I had the girls to myself over the Thanksgiving holiday, while Susan was visiting her family. Somewhere between the 17th game of “Steal my sister’s toy” and negotiating the 33rd revision of the Sibling Chair Personal Boundaries Act of 2008 (aka the “Daddeeeeee! Laney’s touching my CHAIR again!” act) it ocurred to me that Susan’s had two child-free, out-of-town vacations while I have had none. Susan’s certainly had her share of alone time with the kids while I’ve traveled for business, but I noticed that she seems quite happy and refreshed when coming back from her own trips.
I think I need one. But I can’t figure out where on earth to go, or what to do.
I remember back in 2005 I went to Gnomedex. Back then blogging was still sort of new – not everyone had a blog – and it felt exhilarating to go and be with other people who were on the edge of that wave, and not entirely sure what to do with it. The business of blogging hadn’t been shaped yet, and it was new territory to explore. It was exciting, and you didn’t have to be a super-blogger to fit in.
I miss that feeling. There was lots of new stuff back then. Podcasting was even newer than blogging. Linkedin and it’s ilk were just starting to become popular. There was a lot of new concepts, and there weren’t too many copycats yet, so it was enough new stuff to keep one busy, but not so much it was work. The feeling of being wrapped up in something new is gone, and I’m having a hard time with this.
Blogging has become something that, having long ago been on the front page of Business Week & every other magazine, is a bit old and stale. I still do it because I feel like it, but I think the number of blogs that anyone could read far outstrips the time they have for reading them. Social networking has peaked, and dare I say jumped the shark. Linkedin has become the business Facebook to such an extent that there really isn’t much reason to be on both any more, let alone the dozens of other social networks out there.

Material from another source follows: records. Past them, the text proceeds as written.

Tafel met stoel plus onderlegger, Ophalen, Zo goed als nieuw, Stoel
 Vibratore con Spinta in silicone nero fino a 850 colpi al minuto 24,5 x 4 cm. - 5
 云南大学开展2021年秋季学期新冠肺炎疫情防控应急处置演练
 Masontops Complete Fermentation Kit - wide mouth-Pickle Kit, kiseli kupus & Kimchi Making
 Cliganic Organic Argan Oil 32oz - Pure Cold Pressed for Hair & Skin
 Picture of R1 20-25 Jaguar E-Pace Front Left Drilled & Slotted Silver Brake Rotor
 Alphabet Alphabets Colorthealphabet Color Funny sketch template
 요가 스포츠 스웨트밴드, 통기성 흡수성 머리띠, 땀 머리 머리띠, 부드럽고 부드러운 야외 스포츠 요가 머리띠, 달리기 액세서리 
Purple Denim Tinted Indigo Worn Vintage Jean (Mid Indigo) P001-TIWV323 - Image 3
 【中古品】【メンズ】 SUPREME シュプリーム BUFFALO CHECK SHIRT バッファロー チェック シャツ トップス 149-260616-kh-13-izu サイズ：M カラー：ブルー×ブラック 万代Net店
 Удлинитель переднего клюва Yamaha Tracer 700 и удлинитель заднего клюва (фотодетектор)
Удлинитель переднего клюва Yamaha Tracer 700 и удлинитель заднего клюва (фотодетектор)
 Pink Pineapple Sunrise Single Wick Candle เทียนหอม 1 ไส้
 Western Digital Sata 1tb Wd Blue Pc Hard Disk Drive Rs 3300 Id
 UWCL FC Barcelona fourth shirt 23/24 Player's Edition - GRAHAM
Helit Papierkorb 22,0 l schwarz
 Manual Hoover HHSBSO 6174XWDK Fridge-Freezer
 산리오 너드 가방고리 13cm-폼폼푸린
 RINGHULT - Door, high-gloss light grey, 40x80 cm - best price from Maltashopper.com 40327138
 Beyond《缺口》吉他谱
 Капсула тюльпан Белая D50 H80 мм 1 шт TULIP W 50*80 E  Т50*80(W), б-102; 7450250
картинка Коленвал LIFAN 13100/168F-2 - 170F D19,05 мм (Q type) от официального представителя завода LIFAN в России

Instead we have Twitter, the value of which still alludes me a bit, but Twitter isn’t quite the massive innovation that blogging was.
I think part of the original mystique, and it’s death, is content. At first the ability to create and publish was intoxicating. While my own posting habits never got to the recommended levels, it was still cool to be able to write something. It still is, a little.
The problem is that the thrill depends on having something to say, and frankly, reading mountains of sort-of-interesting-but-not-very-actionable stuff from lots of other folks tends to make anything I’m thinking of saying seem, well, pointless.
I’m looking for something new. What’s new?